An exact proof term for the current goal is (SepI (𝒫 Y) (λU : set ⇒ ∃V ∈ Tx, U = V ∩ Y) U0 HU0pow HU0ex).

We will prove V0 ∈ subspace_topology X Tx Y.

We prove the intermediate claim HV0subY: V0 ⊆ Y.

An exact proof term for the current goal is (binintersect_Subq_2 Vx Y).

We prove the intermediate claim HV0pow: V0 ∈ 𝒫 Y.

An exact proof term for the current goal is (PowerI Y V0 HV0subY).

We prove the intermediate claim HV0ex: ∃V ∈ Tx, V0 = V ∩ Y.

We use Vx to witness the existential quantifier.

Apply andI to the current goal.

An exact proof term for the current goal is HVxTx.

Use reflexivity.

An exact proof term for the current goal is (SepI (𝒫 Y) (λU : set ⇒ ∃V ∈ Tx, U = V ∩ Y) V0 HV0pow HV0ex).

An exact proof term for the current goal is (binintersectI Ux Y y HyUx HyY).

Let z be given.

Assume HzF: z ∈ F.

We will prove z ∈ V0.

We prove the intermediate claim HzCY: z ∈ C0 ∩ Y.

rewrite the current goal using HFeq (from right to left).

An exact proof term for the current goal is HzF.

We prove the intermediate claim HzC0: z ∈ C0.

An exact proof term for the current goal is (binintersectE1 C0 Y z HzCY).

We prove the intermediate claim HzY: z ∈ Y.

An exact proof term for the current goal is (binintersectE2 C0 Y z HzCY).

We prove the intermediate claim HzVx: z ∈ Vx.

An exact proof term for the current goal is (HC0subVx z HzC0).

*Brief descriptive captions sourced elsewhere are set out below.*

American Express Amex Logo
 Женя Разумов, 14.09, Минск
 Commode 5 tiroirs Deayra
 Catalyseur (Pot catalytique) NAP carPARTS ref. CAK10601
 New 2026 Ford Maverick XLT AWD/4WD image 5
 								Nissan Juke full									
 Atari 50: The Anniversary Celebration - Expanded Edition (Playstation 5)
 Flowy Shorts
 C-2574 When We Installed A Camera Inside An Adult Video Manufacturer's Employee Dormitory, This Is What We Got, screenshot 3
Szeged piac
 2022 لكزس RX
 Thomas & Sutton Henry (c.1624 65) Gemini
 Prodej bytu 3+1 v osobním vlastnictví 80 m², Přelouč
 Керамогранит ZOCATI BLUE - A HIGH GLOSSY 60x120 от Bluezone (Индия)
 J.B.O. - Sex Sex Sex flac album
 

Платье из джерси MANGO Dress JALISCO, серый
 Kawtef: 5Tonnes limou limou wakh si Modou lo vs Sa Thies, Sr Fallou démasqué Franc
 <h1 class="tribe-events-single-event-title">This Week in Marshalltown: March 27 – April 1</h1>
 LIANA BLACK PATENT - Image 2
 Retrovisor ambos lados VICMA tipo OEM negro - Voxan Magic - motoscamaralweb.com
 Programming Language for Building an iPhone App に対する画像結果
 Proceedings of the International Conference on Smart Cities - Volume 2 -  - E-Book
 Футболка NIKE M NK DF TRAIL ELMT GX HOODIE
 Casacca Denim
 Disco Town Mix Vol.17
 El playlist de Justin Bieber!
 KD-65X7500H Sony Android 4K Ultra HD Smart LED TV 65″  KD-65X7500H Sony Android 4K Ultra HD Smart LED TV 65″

An exact proof term for the current goal is (binintersectI Vx Y z HzVx HzY).

Apply Empty_Subq_eq to the current goal.

Let z be given.

Assume Hz: z ∈ U0 ∩ V0.

We will prove z ∈ Empty.

We prove the intermediate claim HzU0: z ∈ U0.

An exact proof term for the current goal is (binintersectE1 U0 V0 z Hz).

We prove the intermediate claim HzV0: z ∈ V0.

An exact proof term for the current goal is (binintersectE2 U0 V0 z Hz).

We prove the intermediate claim HzUx: z ∈ Ux.

An exact proof term for the current goal is (binintersectE1 Ux Y z HzU0).

We prove the intermediate claim HzVx: z ∈ Vx.

An exact proof term for the current goal is (binintersectE1 Vx Y z HzV0).

We prove the intermediate claim HzUV: z ∈ Ux ∩ Vx.

An exact proof term for the current goal is (binintersectI Ux Vx z HzUx HzVx).

rewrite the current goal using HdisjUV (from right to left).

An exact proof term for the current goal is HzUV.